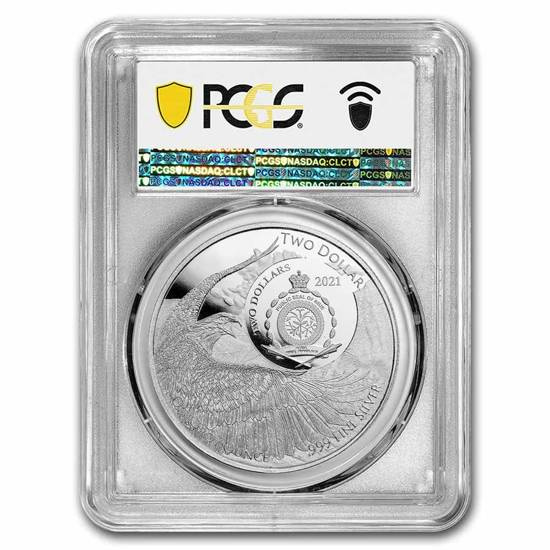 35. évforduló PCGS PR-70 1 uncia ezüst 2021 Proof
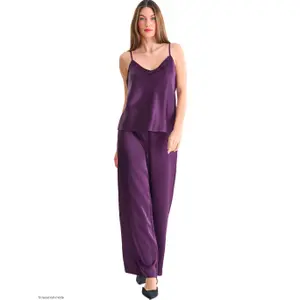 Pyjamahose Damen Lisca Satin Luxe image-1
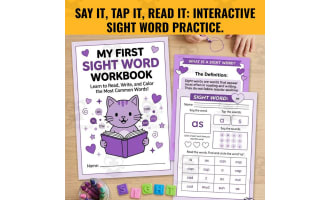 Sight Word Worksheets Kindergarten Read Trace Write No Prep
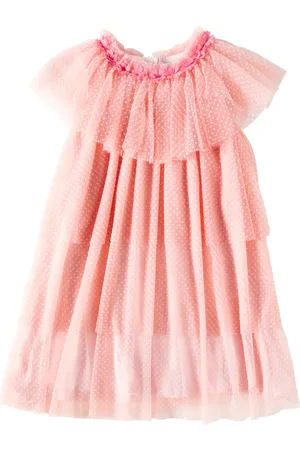 PATACHOU Vestido de tul con lunares y volantes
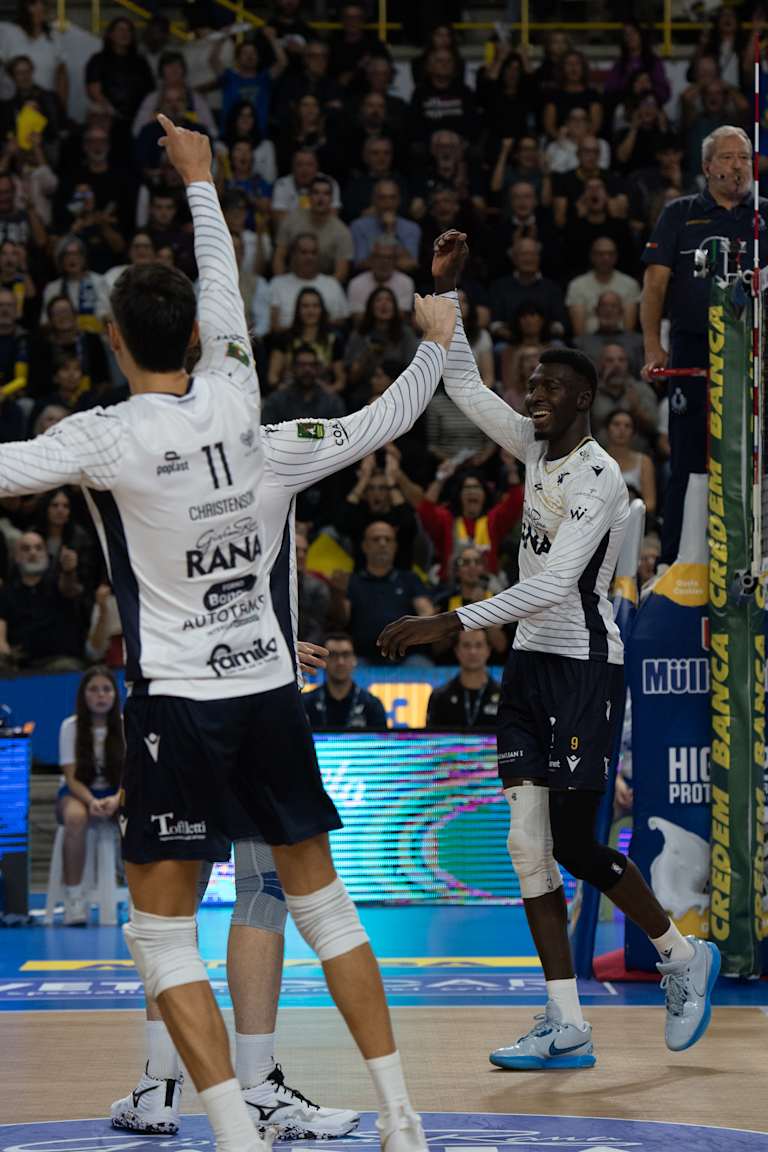 Keita fires eight aces in Verona’s SuperLega win over Trentino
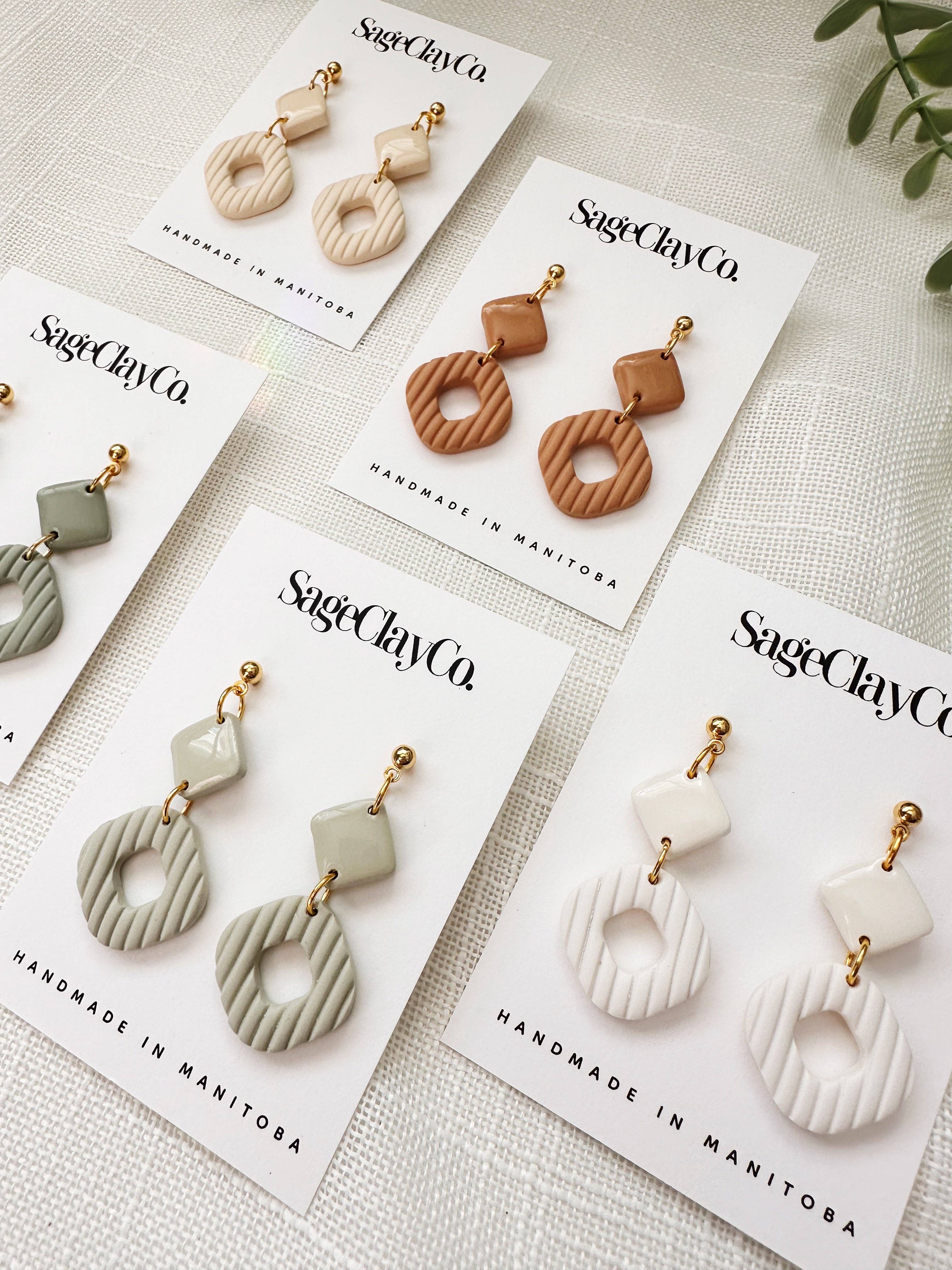 SageClayCo - Wholesale Dangle Earrings - Shannon | Earth Tones Collection6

☆ ☆ ☆ ☆ ☆

PROBLEM DETAILS:
The data must come back word for word, with every picture removed.

RESULT OF THIS TASK:
 35. évforduló PCGS PR-70 1 uncia ezüst 2021 Proof
 Pyjamahose Damen Lisca Satin Luxe image-1
 Sight Word Worksheets Kindergarten Read Trace Write No Prep
 PATACHOU Vestido de tul con lunares y volantes
 Keita fires eight aces in Verona’s SuperLega win over Trentino
 SageClayCo - Wholesale Dangle Earrings - Shannon | Earth Tones Collection6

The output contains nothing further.